But this other quicksand one would not go away. You don’t write on a blank slate. You take the world as it is when you walk in that door and try to deal with it.

With the constant picketing in front of the White House, it must have been hard not to hate the protesters.

Yes, it was, because you wondered what was going to happen to those people when they grew up. They all looked so irresponsible. One of the maddest times I ever got was when there was sort of a mass demonstration in front of the Pentagon. Early the next morning, I just said to my Secret Service men, I want to get in a car, just a plain, the simplest, black, smallest car you’ve got in that garage with as few people as possible. And so I went out, just three of us, one driving and the other one sitting in the front seat and me in the back, and we drove all round the Ellipse and Pentagon and the Tidal Basin, and I have never seen so many cans and bottles and wrappers—bread wrappers, candy wrappers, lunch wrappers—occasional pieces of clothing, a left-behind blanket or something. It was a wreck, and I just hate to think what it cost the city to clean up after that bunch.

Do you think the protests served their purpose in forcing the government, Nixon’s government, to get out of the war sooner than they would have otherwise?

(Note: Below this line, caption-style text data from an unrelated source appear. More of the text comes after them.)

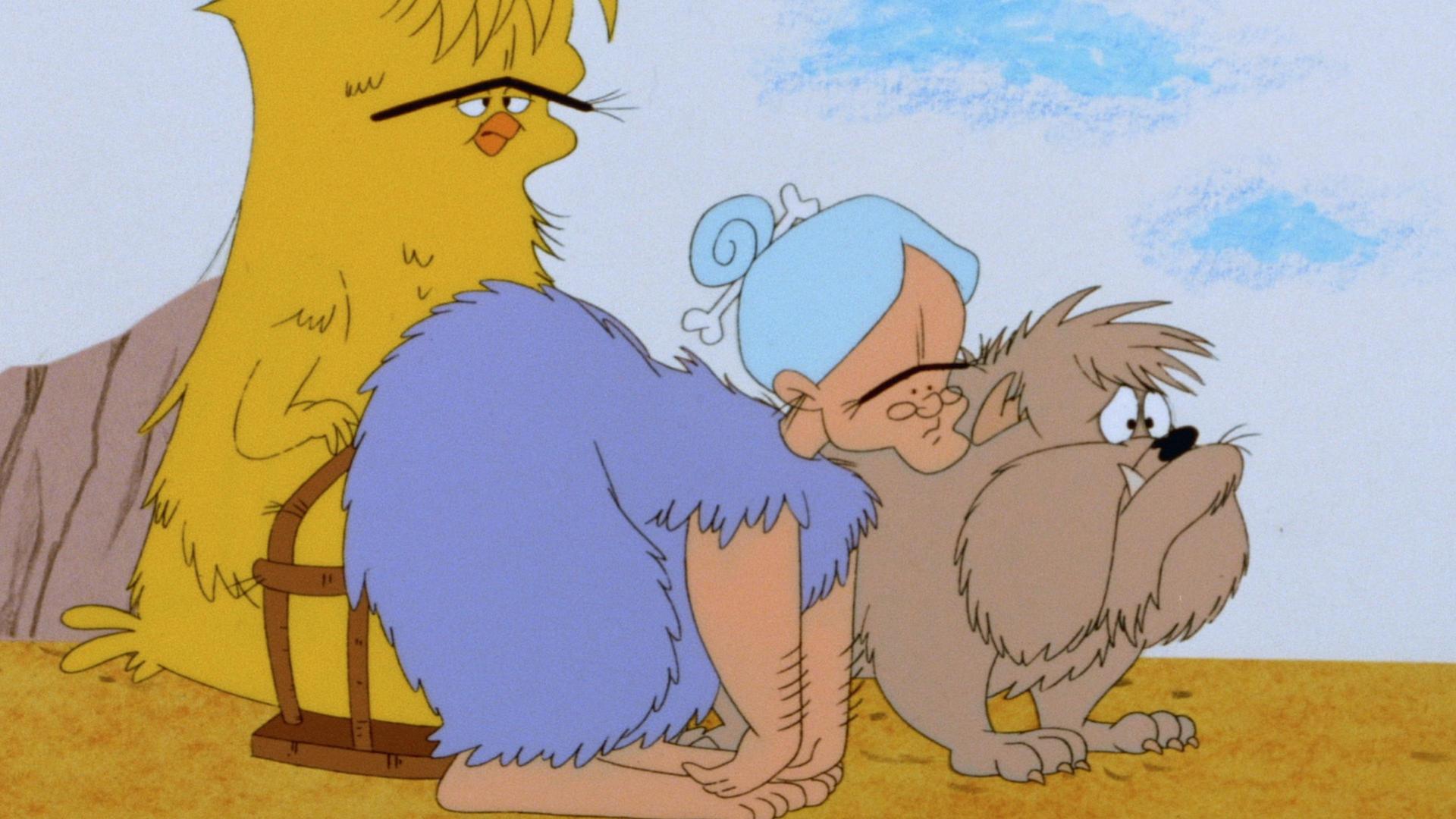 Still from The Fifty Karat Furball
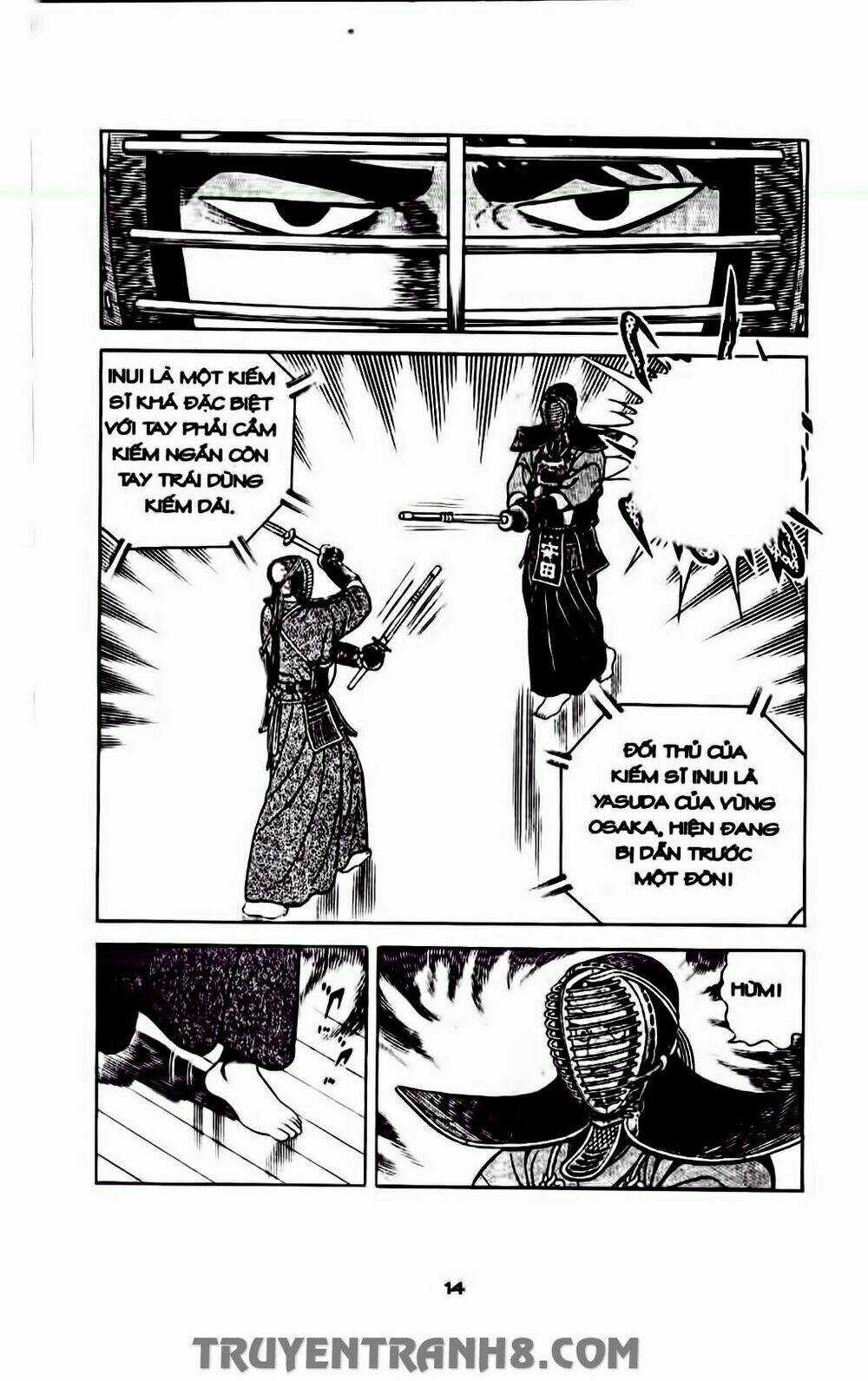 Musashi Chapter 204 trang 11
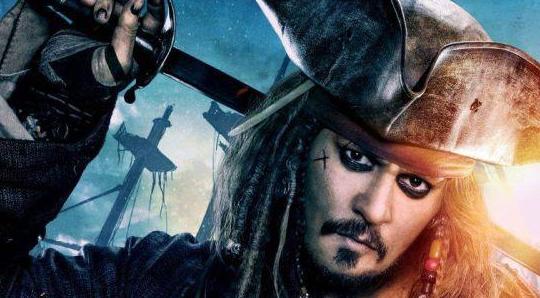 加勒比海盗5高清电影剧照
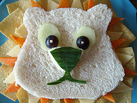 Cómo preparar sándwich divertidos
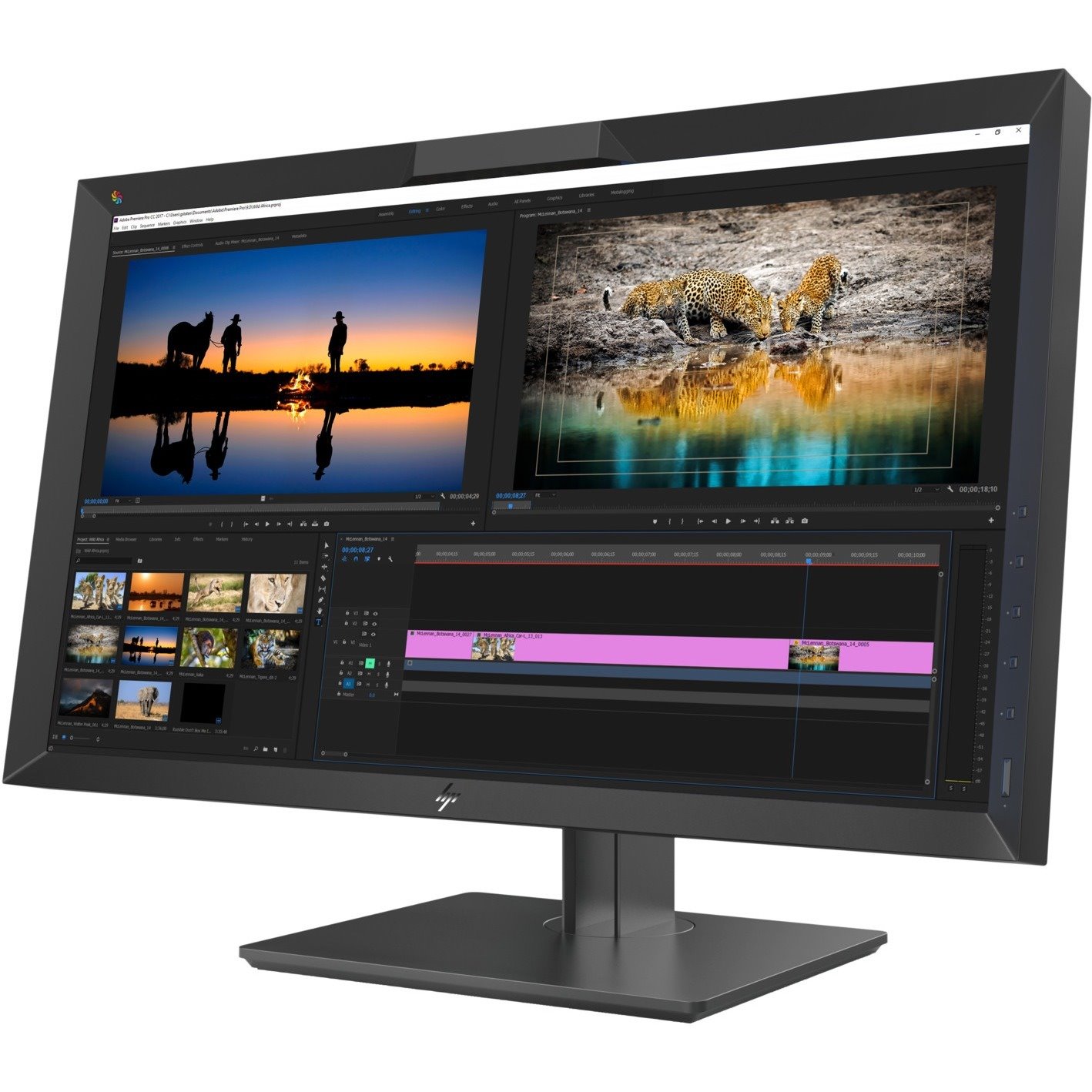 HP Business Z27x G2 27" Class QHD LCD Monitor - 16:9 - Black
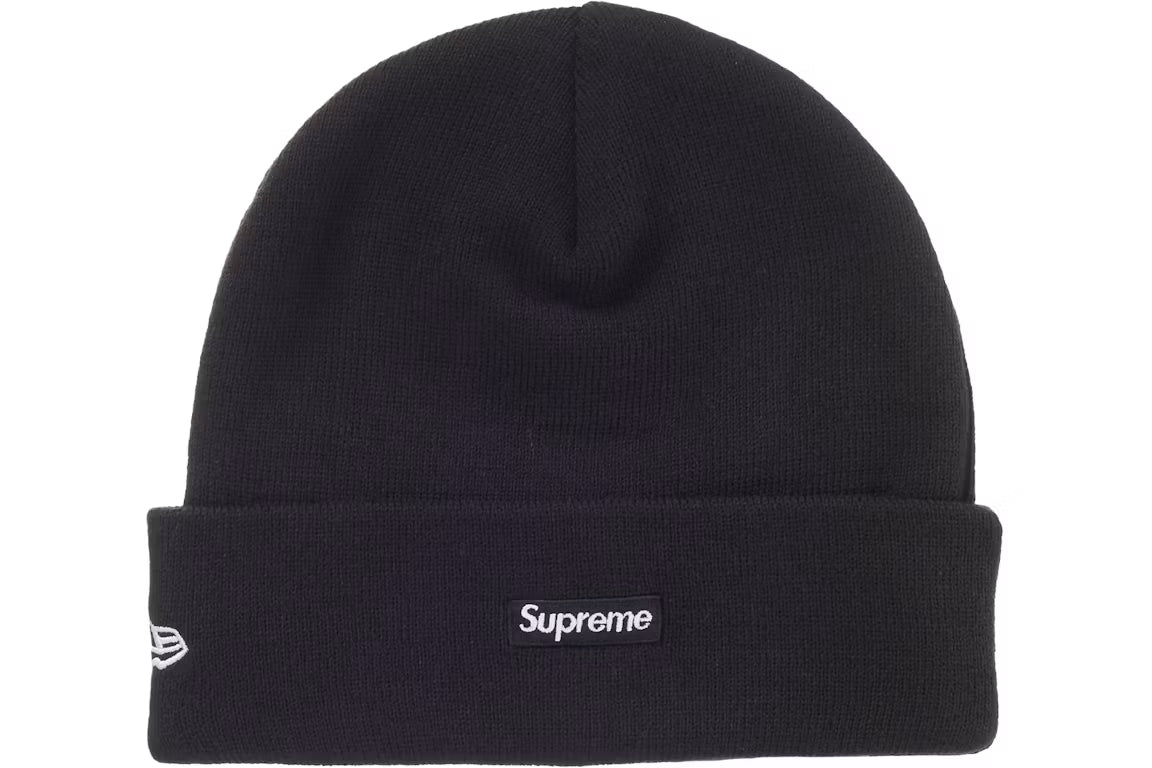 Supreme New Era Devil S Logo Beanie Black DOK
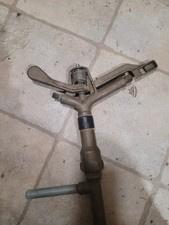 Vintage Brass 70C Full Circle Rain Bird Sprinkler w/key and quick coupler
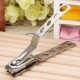 Japan Stainless steel Trimmer Manicure Nail Toe Clipper Cutter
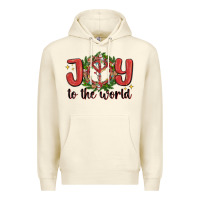 Sandshell joy to the world Premium Hoodie - MaliasSmallBusiness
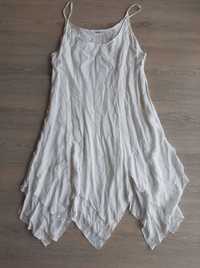 Vestido de verão branco L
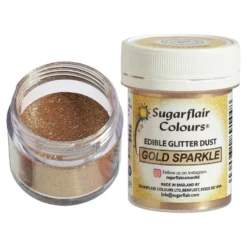 Sugarflair Glanz-Puder - Gold Sparkle, 4g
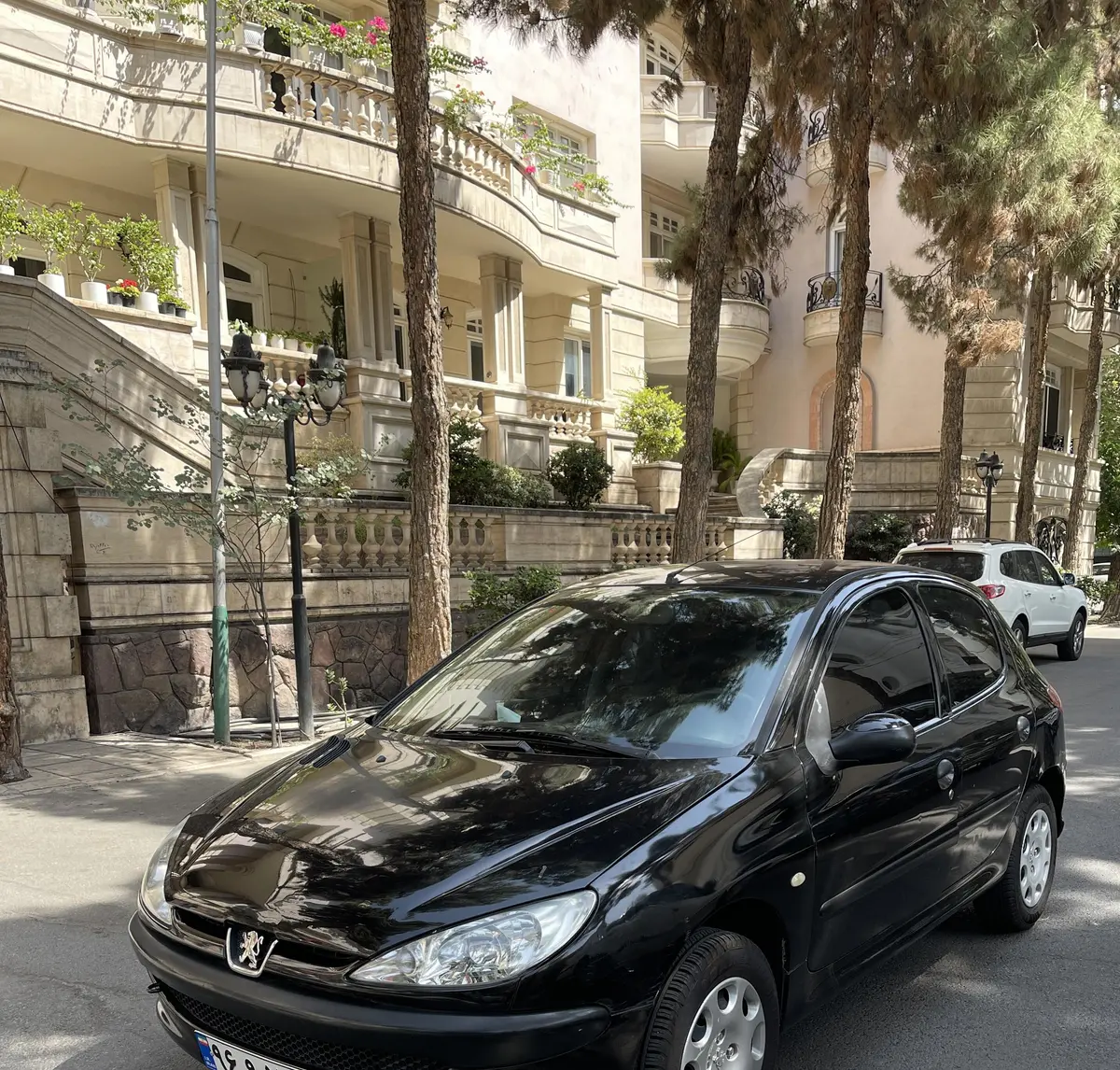 پژو،  206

Yes, I guess they did. Of course, Lyndon’s real fear was not from the left but from the right—people demanding that we get this thing over with by dropping—

The bomb?

—the deadliest of bombs. Forced to that test what do we do? He didn’t want to be the man ever to have to do it. I just don’t think we ever would have gotten over that nightmare. What would we have loosed? The one time we did it, when nobody really knew the extent of it, left a scar, but once we’ve seen the bomb and know what it can do, how can any succeeding President ever, ever, give in to that last horrible thing?

After leaving office with the fierce criticism of the Vietnam war going on, how did you feel about Nixon being forced out of office to avoid impeachment?

Sometimes I draw a great sigh of relief when I realize how many things Lyndon was not exposed to. By reason of his death early in ’73, he did not have to live through, first, periods of real invalidism. To have been bedridden and waited on and dependent on other people would have been a soul-killing thing to him. Second, the events of ’73 and ’74, what happened to the Presidency, would have been traumatic for him—to see the Presidency dragged so low and his country in such a condition of division. I’m glad he didn’t have to suffer through that.

And for yourself, Mrs. Johnson, do you now regard yourself as out of politics?

Well, it was simply Lyndon’s life, not my life. It was really an education for me, and I must say I learned a bit about it, and I hope I was useful and I tried real hard, but politics was not my life. I have a whole lot of requests, and I hope I haven’t hurt any feelings by saying no to them, but I think thirty-eight years was enough.